Charismatic Episcopal Church


This is a church that combines the sacraments, preaching, and freedom of the holy spirit in their services. They have apostolic succession through the Catholic Church. The ICCEC is the head body, and they have a bishop. I believe his name is Randolph Adler.

Does anyone know much about this? Would this church be considered a possible choice since they do have apostolic succession?:confused:



I found the above on another thread with the same topic. You might find these links helpful. :slight_smile:


The problem is that from the Catholic/Orthodox point of view apostolic succession isn’t a free-floating, magical power passed down from one individual bishop to another. It’s part and parcel of the transmission of Sacred Tradition within the Church. So while the CEC does appear to have valid orders (as far as I know the RCC hasn’t pronounced on the subject, but one can presume that they do, and obviously an Episcopalian like myself is going to think that they do), they are still engaged in the glorious American enterprise of “create your own church.” The church they have created is, to my taste, a pretty darn good one. But given the freedom and diversity of our society and a minimum of theological and liturgical creativity, anyone can create a pretty darn good church according to someone or other’s taste. That’s why we have so many denominations in America (it isn’t a direct result of the Reformation in the way many Catholics think–Germany, the original homeland of the Reformation, is a completely different picture). That’s not what being a Christian is supposed to be about. We are incorporated into the Body of Christ existing throughout all time and space. The Church, as the current Pope has insisted throughout his theological career, is something we are given, not something we create. That’s why I could never join the CEC, even though (minus the more explicitly charismatic elements) it matches what I believe very well.

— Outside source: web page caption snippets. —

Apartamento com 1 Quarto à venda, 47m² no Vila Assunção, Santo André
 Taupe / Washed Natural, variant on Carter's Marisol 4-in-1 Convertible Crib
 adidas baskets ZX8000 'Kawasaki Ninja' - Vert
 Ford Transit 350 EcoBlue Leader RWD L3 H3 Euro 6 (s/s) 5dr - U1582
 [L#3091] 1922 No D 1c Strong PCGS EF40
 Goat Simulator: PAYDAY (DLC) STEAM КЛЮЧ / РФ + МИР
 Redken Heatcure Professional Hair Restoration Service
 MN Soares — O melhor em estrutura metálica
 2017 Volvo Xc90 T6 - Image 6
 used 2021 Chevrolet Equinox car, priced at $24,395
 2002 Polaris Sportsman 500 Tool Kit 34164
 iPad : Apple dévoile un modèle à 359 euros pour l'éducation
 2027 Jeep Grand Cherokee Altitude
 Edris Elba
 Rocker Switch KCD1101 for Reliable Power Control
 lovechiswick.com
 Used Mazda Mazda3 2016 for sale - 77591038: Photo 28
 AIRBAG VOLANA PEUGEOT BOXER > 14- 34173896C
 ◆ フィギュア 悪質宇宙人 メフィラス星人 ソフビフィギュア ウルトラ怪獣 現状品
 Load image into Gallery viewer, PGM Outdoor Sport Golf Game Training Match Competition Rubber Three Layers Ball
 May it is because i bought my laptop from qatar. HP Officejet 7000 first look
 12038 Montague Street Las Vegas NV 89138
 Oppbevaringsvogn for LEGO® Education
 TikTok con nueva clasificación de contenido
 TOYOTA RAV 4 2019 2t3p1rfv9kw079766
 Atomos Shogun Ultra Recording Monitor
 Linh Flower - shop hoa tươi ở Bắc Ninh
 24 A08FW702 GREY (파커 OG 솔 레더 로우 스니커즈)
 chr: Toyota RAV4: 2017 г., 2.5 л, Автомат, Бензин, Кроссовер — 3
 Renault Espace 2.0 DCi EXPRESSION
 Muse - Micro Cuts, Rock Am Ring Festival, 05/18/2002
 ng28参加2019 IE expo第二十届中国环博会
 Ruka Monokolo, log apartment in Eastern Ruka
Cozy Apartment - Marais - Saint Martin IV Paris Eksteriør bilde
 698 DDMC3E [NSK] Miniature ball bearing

A second problem with the CEC–and with all the conservative Anglican groups–is that even by the standards of American denominationalism they are very unstable entities. Right now, for instance, there’s a fight going on within the CEC (for reasons I have been unable to ascertain, but which as usual with conservative Anglicans appear to be personal and political rather than primarily theological), and many parishes and even (I believe) dioceses have withdrawn/are withdrawing from the denomination. The parish in my town no longer identifies itself as CEC but as far as I know has not yet chosen another affiliation–it’s in a kind of ecclesiological limbo, which because of the essential congregationalism of conservative Anglican churches doesn’t really affect their day-to-day functioning that much. At least that’s how it appears to me on the basis of two Sunday morning visits and some conversation with colleagues who attend the church.

In Christ,



What do you mean by “possible choice”?

There’s only one Church you should join if you are seeking eternal salvation–the one, holy, Catholic, and Apostolic Church subject to the Roman Pontiff and the bishops in union with him. :thumbsup:


And remember, its the job of the job of the Holy Spirit to convince a man or woman of the Truth - not your job or mine.